Life Is Slow


More time on the beach. Life is slow. The days disappear - melting together, one from the next. For me it's been to wake up around 8:00, head to the beach for a walk and some Yoga, meet family for coffee and toast at Bar Habana overlooking the beach, lounge, grab some sun and take a dip in the ocean, snack a little during the day, head for a drink or back to the apartment in the early evening, relax, then take in a late dinner. Aside from a few tweaks here and there, the days don't change much.


In the spirit of this slow-down, perhaps now is the right time to reflect a little on the past couple of years. For many of you, what I want to briefly mention here is not news. For others, it will be. Tricia and I have come to the very difficult, very emotional decision to end our marriage. I mention this to be transparent about my current life situation, and, if you continue to follow this blog, you will realize that my summer adventures will be taking me to many places, over many months. Without explaining our relationship situation, I assume one might wonder how Tricia fits into these plans.


I have no intention of revealing any details here. I’m not going to do that now, and I have no plans to do so in future posts. What’s happened - and continues to be happening - in our family is private and personal, and I want to respect Tricia, the kids and all our loved ones in our family. Without any further explanation, please just know that Tricia and I are in a good place. We will continue to love one another and support one another from here into the future. We appreciate your love, support, friendship and understanding.

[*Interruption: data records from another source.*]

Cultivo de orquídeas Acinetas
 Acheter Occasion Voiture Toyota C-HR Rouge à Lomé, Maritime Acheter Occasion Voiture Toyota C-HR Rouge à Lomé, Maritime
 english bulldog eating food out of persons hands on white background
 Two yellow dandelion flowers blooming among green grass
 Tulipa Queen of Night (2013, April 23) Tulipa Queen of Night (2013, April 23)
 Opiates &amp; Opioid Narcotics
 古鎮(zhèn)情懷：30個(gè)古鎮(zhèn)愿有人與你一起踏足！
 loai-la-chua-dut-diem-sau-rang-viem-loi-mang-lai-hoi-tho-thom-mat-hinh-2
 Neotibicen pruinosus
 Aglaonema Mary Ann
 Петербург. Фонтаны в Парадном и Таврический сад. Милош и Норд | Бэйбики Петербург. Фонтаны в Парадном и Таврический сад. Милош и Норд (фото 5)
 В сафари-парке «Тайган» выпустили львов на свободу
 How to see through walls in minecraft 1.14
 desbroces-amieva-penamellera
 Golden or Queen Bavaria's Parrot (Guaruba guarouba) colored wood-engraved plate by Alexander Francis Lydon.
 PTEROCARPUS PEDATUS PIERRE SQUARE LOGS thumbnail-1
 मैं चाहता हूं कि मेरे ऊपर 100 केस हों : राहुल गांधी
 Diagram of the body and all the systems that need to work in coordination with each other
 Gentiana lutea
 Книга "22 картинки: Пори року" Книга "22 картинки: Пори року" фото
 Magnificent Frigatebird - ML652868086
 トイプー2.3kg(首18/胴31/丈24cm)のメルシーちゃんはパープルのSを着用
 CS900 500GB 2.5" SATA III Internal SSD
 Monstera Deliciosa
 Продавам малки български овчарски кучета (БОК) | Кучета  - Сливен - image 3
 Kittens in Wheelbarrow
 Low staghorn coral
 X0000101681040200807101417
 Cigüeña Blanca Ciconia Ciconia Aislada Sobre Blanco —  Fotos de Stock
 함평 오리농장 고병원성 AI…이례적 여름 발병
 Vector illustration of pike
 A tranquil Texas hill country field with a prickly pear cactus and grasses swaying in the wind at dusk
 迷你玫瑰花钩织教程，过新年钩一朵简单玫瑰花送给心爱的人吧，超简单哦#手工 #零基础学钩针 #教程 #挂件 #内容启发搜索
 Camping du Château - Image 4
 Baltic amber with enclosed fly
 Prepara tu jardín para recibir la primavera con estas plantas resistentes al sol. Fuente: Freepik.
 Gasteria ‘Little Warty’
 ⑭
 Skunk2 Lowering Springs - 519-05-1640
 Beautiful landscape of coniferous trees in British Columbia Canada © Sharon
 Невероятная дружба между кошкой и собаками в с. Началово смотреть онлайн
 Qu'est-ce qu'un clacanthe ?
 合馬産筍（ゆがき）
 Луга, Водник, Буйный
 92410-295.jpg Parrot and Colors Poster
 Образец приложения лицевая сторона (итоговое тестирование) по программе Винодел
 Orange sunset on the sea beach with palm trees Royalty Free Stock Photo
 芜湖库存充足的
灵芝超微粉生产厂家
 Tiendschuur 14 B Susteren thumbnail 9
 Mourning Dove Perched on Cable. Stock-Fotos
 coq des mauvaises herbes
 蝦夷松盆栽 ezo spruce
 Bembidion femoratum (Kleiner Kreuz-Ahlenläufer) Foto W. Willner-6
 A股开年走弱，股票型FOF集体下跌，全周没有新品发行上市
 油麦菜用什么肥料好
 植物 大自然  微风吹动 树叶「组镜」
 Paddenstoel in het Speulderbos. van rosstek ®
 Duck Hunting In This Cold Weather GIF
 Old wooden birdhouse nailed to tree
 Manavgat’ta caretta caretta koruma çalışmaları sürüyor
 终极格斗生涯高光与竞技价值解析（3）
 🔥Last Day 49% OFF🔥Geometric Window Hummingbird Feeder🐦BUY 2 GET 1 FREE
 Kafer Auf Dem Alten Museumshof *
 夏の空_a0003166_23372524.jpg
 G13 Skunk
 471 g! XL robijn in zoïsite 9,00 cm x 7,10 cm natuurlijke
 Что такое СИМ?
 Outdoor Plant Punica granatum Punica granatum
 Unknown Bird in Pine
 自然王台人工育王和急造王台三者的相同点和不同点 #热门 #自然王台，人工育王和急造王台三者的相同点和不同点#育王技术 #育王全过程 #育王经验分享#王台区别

A pivot now to more jottings about my time in Spain will be inevitably and undeniably clunky. Forgive me for not coming up with a good way to transition from a challenging situation to one of a lighter variety. So, since I don’t feel I have the skill to do it well, I will simply admit my failings and continue on. Just know that, while happy-looking photos and fun-filled stories might make it seem as though I’ve moved past the pain, those images and those writings belie the fact that I’ve only just begun this trying journey of transition from decades of a loving marriage to an independent life. For me, coming to Europe is part of the process - a chance to devote time to myself, to take a break from the countless memories in Minnesota, and to search for joy when and where I can find it. It is with humility that I ask for your understanding as I do this, and continue to post about it.